Abstract
Large Language Models (LLMs) and humans acquire knowledge about language without direct supervision. LLMs do so by means of specific training objectives, while humans rely on sensory experience and social interaction. This parallelism has created a feeling in NLP and cognitive science that a systematic understanding of how LLMs acquire and use the encoded knowledge could provide useful insights for studying human cognition. Conversely, methods and findings from the field of cognitive science have occasionally inspired language model development. Yet, the differences in the way that language is processed by machines and humans—in terms of learning mechanisms, amounts of data used, grounding and access to different modalities—make a direct translation of insights challenging. The aim of this edited volume has been to create a forum of exchange and debate along this line of research, inviting contributions that further elucidate similarities and differences between humans and LLMs.
1 Introduction
Large Language Models (LLMs) have come to dominate the field of computational linguistics. One reason is their ability to acquire rich information regarding linguistic structure and world knowledge (Tenney et al. 2019; Hewitt and Manning 2019; Petroni et al. 2019; Mahowald et al. 2024; Chang and Bergen 2024). A rather surprising aspect of LLMs is that they demonstrate this ability despite using typically very simple training objectives, learning how to sensibly continue (or fill gaps in) text without the need for explicit supervision (Bengio, Ducharme, and Vincent 2000; Goldberg 2017; Devlin et al. 2019). In this broad sense, LLMs appear to work analogously to how humans develop most of their knowledge about language structure, meaning, and use—that is, spontaneously and without direct supervision.
Since the introduction of LLMs, there has been a feeling among some communities in both NLP and cognitive science that a systematic understanding of how these models work and how they use the knowledge they encode could help to shed light on the way humans acquire, represent, and process this same knowledge (Dupoux 2018; Cichy and Kaiser 2019; Caucheteux and King 2022; Goldstein et al. 2022).
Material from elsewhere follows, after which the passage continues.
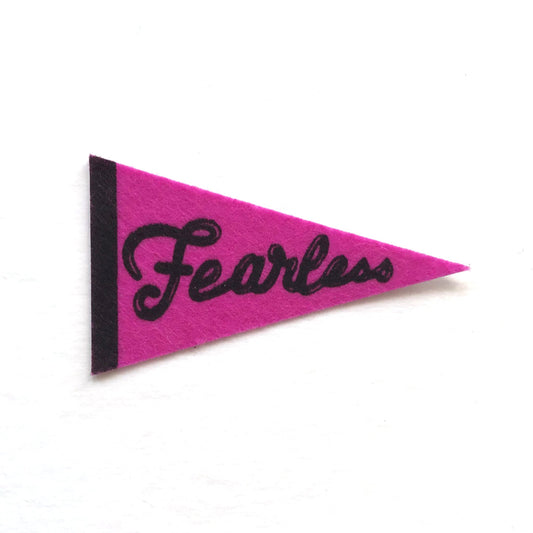 Fearless Pennant Sticker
Conversely, findings from the areas of psycholinguistics and cognitive science have already inspired language model development, since these models are expected to exhibit human-like behavior in language use. For instance, datasets developed in—or inspired by—the field of cognitive science, including eye tracking and brain imaging datasets, have been used to evaluate models’ behavior and to provide additional training signal (Ettinger 2020; Dunbar et al. 2017; Binz and Schulz 2023; Bingel, Barrett, and Søgaard 2016; Hollenstein et al. 2021).
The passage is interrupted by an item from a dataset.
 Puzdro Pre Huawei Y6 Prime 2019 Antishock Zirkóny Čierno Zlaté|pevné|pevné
Yet, there are also unmistakable differences between machines and humans, which put the direct translation of insights into question. Chief among them is the difference in learning mechanisms, as a consequence of which the size of data required to train LLMs far exceeds—by orders of magnitude—what humans need to acquire sophisticated conceptual structures and meanings (Frank 2023; Warstadt et al. 2023). Furthermore, human language is inherently grounded and multi-modal. In particular, children acquire world knowledge not only via exposure to language, but also via sensory experience and social interaction (Clark 2003; Tomasello 2009; Vigliocco, Perniss, and Vinson 2014). While some LLMs do learn from modalities other than text or speech, the degree to which this learning mirrors that of humans is far from obvious.
The aim of this special issue is to consolidate this exciting line of research, inviting contributions that further elucidate similarities and differences in the study of humans and LLMs, broadening the research scope to a range of linguistic levels and methodologies. The main questions we encouraged researchers to engage with are whether and how methods used in psycholinguistics (and cognitive science more generally) for studying the mechanisms of language processing and acquisition can be applied to the study of LLMs; and, conversely, whether the study of linguistic phenomena using LLMs, the investigation of the conceptual and world knowledge they encode, and the learning and processing principles they employ, can provide useful insights for studying human cognition.
We received a large number of interesting and engaging submissions, from which ten papers were accepted after two rounds of reviewing. In this preface, we provide an overview of these articles and discuss their contributions in terms of the most important lessons and challenges going forward.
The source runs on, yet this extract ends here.